A mindmap of how to calibrate oversight: safe and reversible actions stay ungated, consequential actions get a human gate, categorically forbidden actions get a hard block, and the anti-pattern is gating everything until the reviewer rubber-stamps.

Wiring real gates into a code-maintenance crew

Bring it back to a working crew, and the delete-the-test problem from the start of this article solves cleanly with two of the three layers working together.

First, a hard block at the tool level: deleting or truncating a test file is never a legitimate fix, so a before_tool_call hook refuses any write tool whose target is a test file. That failure mode is now structurally impossible, with no judgment required.

Second, an approval gate before any fix lands: the @human_feedback step wraps the proposed change, routes to "approved" or "rejected", defaults to "rejected" on a silent Enter, and only the approved path calls the write step. A human sees the diff before it touches the repo.

Everything else, such as reading files and running the test suite to check a candidate fix, stays ungated, because those actions are safe and gating them would just slow the crew down and dull the reviewer's attention. The crew is exactly as capable as it was without the gates. It just can no longer do the two specific things we never wanted it to do.

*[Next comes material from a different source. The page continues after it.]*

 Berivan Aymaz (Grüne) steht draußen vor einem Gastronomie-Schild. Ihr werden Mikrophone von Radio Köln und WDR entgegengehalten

A state diagram of the gated code-maintenance crew: reads and test runs flow free, write attempts against test files get hard-blocked at the tool, write attempts against product code wait for a human approval that defaults to rejected on a silent Enter.

Do this today

Audit your crew's tool list and bucket each tool into three groups. Safe and reversible (let it run), consequential (gate with @human_feedback if it is in a Flow, or human_input=True if you are running interactively), and categorically forbidden (hard-block with @before_tool_call).
Add a single @before_tool_call hook for the actions you would never approve. Recursive deletes, force pushes, drops against your production database, writes to test files. Returning False from one decorated function turns "never do that" from a hope into a structural guarantee.
If you have a Flow that writes anywhere consequential, put a @human_feedback gate in front of it with default_outcome set to the safe path. A reviewer hitting Enter without thinking should never trigger the destructive action.
Never deploy human_input=True to a non-interactive environment. Audit any scheduled job, server, or CI runner for tasks with this flag set, and either remove the flag or move that checkpoint into a Flow-level gate with a real provider.
In async web frameworks like FastAPI, use await resume_async() when resuming a paused flow. The sync resume() raises RuntimeError inside a running event loop.

Capable and trustworthy

A crew that can act on the world but cannot be stopped is a liability. A crew that is gated on every action is a chat interface with extra steps. The middle position, capable everywhere it can be trusted and gated exactly where it cannot, is the one that ships. CrewAI gives you three different shaped tools for that middle position, and the only real skill is matching the shape of the gate to the shape of the risk.

Read-only reads do not deserve a reviewer. Writes against the repo do. A recursive delete deserves no review at all, because there is no scenario where you would say yes. Three mechanisms, three risk tiers, one gradient. Get that gradient right and the agent stays useful without ever being trusted blindly. Get it wrong and you either spend your day approving nothing-burgers, or you wake up to a git reset --hard you cannot undo.

The capable agent will, eventually, try something you did not want. That is not a flaw. It is the predictable behavior of any system that optimizes a literal objective. The leash is not a limitation on the crew. It is what makes the crew shippable.